But many South Koreans continued to use the traditional method for everything else.

In December, South Korea passed laws to scrap the traditional method and fully adopt the international standard.

"We expect legal disputes, complaints and social confusion that have been caused over how to calculate ages will be greatly reduced," Minister of Government Legislation Lee Wan-kyu told a briefing on Monday.

According to a government survey conducted in September 2022, 86% of South Koreans said they would use the international age in their everyday life when the new laws took effect.

"I was about to turn 30 next year (under the traditional Korean age system) but now I have some more time earned and I love it," Choi Hyun-ji, a 27-year-old office worker in Seoul, said.

"It's just great to feel like getting younger," they added.

China, Japan, and even North Korea dropped the system decades ago but it has endured in the South, even as the land that gave the world K-pop and kimchi played a larger role on the international stage.

Some key areas, including the school year, eligibility for compulsory military service, and the legal drinking age, are determined by the other separate age system - known as "year age" - where a person's age is calculated from zero at birth and a year is added on 1 January.

Officials said that method would remain for the time being.

This means that, for example, everyone born in 2004 - whether January or December - is eligible to begin the military enlistment process from 1 January 2023, because they are all legally considered to have met the minimum required age of 19.

A baby born on 31 December would be considered two-years-old
on 1 January in Korean age (Stock image)

"It's confusing when a foreigner asks me how old I am as I know they mean international age, so I have to do some calculations," office worker Hong Suk-min told AFP.

Mr Hong added, after a thoughtful pause, that he was 45 in international age and 47 under the Korean system.

The official change will have limited practical impact: many legal and administrative functions, including the age listed on a passport, the age at which one can be prosecuted as a juvenile, retirement benefits, or healthcare services, already uses date-of-birth rather than Korean age.

The government hopes the change will ease confusion and cites, for example, the issue of older Koreans who may believe they are eligible for pensions and free travel benefits several years before they legally are.

Complex calculation

"There is a difference between the age Koreans use in their daily lives and their legal age and because of that, various legal disputes may arise," Seoul's Minister of Government Legislation Lee Wan-kyu told AFP.

Mr Lee, who is overseeing the official age change, opened a media briefing on Monday by attempting to teach the assembled Korean journalists how to determine how old they are.

"Subtract your birth year from the current year.
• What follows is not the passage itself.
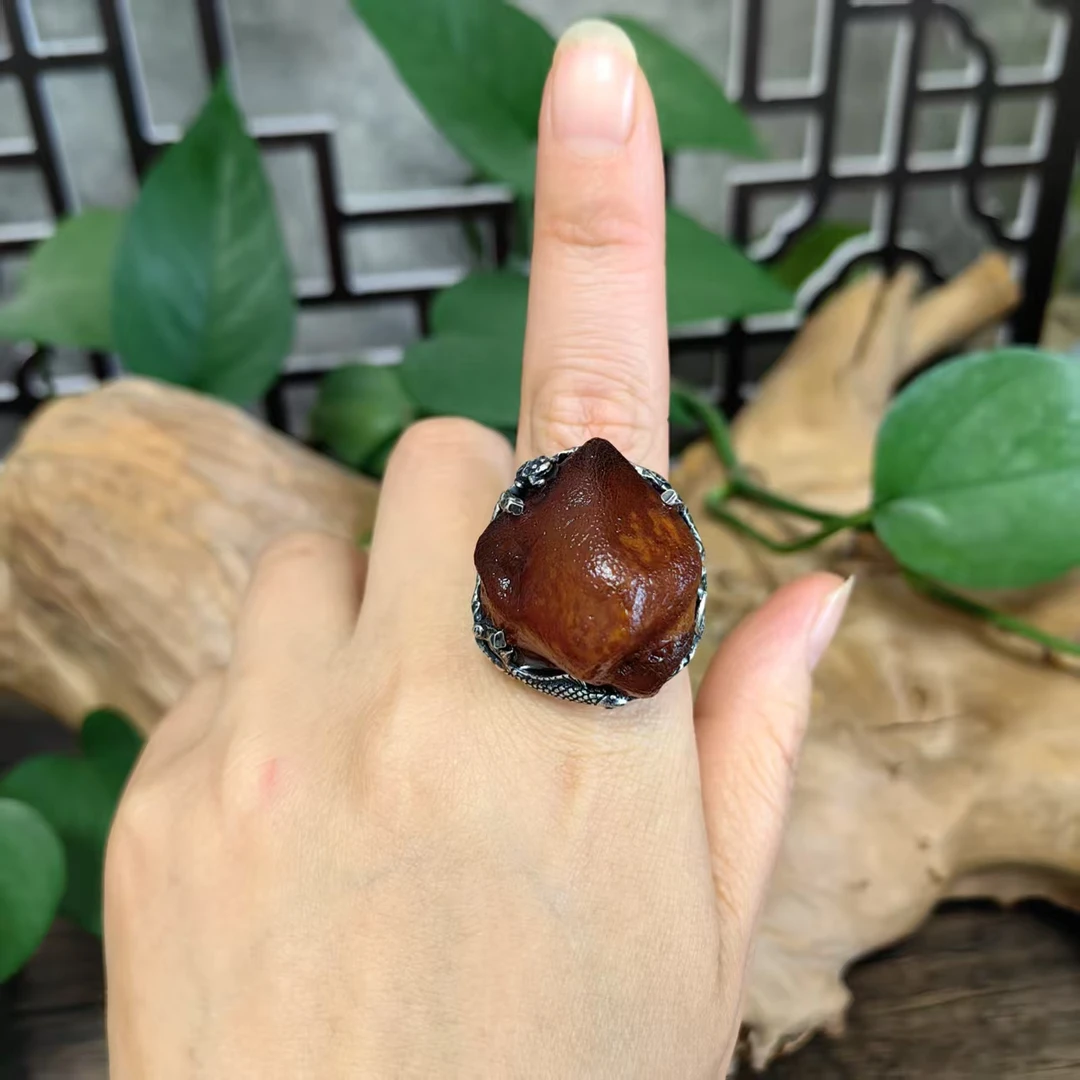 LYliuyng海漂花蜡原皮蜜蜡纯手工银镶个性大戒指原石饱满蜜蜡戒指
If your birthday has passed, that's how old you are, and if your birthday has not passed, subtract one to get your age," he said.

The government might consider revising the use of "year age" for such areas depending on how the current changes go, Mr Lee said.

'Age matters'

The idea behind "year age" is to ease South Korea's linguistic-linked hierarchies by ensuring that everyone in one school year is considered the same age and so can speak to each other without using honorifics.

"Age really matters" in South Korean culture, anthropologist Mo Hyun-joo told AFP, because it affects one's relative social status and dictates which titles and honorifics one must use for others.

"It's hard to communicate with people without knowing their age," she said.

People typically use terms such as "unni" and "oppa" - meaning older sister and older brother respectively - rather than names in conversation, she said.

South Korea's "hierarchical age-based culture (might) become neutralised a little" over time, Ms Mo said, because people become more used to using international age in school settings, for example.

For now most South Koreans, such as schoolboy Yoon Jae-ha from the southern port town of Busan, can simply enjoy feeling younger as the new legislation comes into effect.

"My age has shrunk," he said.

"I like being younger because then my mum will take care of me longer."